Here help tests. I created stopwords.txt file with all stop words :


    def test_all_stop_words(self):
        with open("my_count/stopwords.txt", "r") as file_handle:
            stop_words = file_handle.readlines()
            stop_words = [x.strip() for x in stop_words]

        for stop_word in stop_words:
            result, _, _, _ = simple_word_count(stop_word)
            self.assertEqual(0, result)

Part III.

And last part in this article continue on previous idea, what happen when I would like to count words from file. https://gitlab.com/Mishco/word-count#3-agility-kata-word-count-iii

$ wordcount mytext.txt
Number of words: 4

So I took the previous test on stopwords and used them for counting. And I put each result into stdin, so in this test I captured the whole stdin/stdout, tested it, and then put everything back.
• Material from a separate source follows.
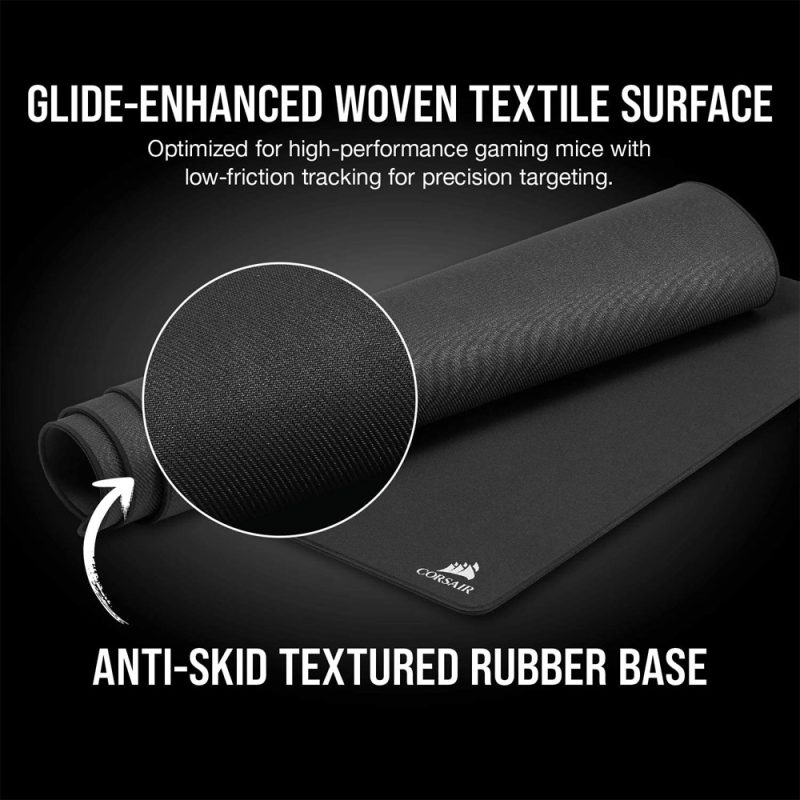 Corsair Premium Anti-Fray Cloth Extended 3XL Gaming Mouse Pad (CH-9415080-WW)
    @patch('sys.argv', ['my_count/__init__.py', 'my_count/mytext.txt'])
    def test_main_loop(self):
        args = sys.argv[1:]
        captured_output = io.StringIO()
        sys.stdout = captured_output
        my_count.main(args)
        sys.stdout = sys.__stdout__
        self.assertEqual("Number of words: 4, unique: 4;"
                         " average word length: 4.25 characters\n",
                         captured_output.getvalue())

This concludes the first part of the article on word count. I always share one part per article, but you can easily see the whole project at the my gitlab repository.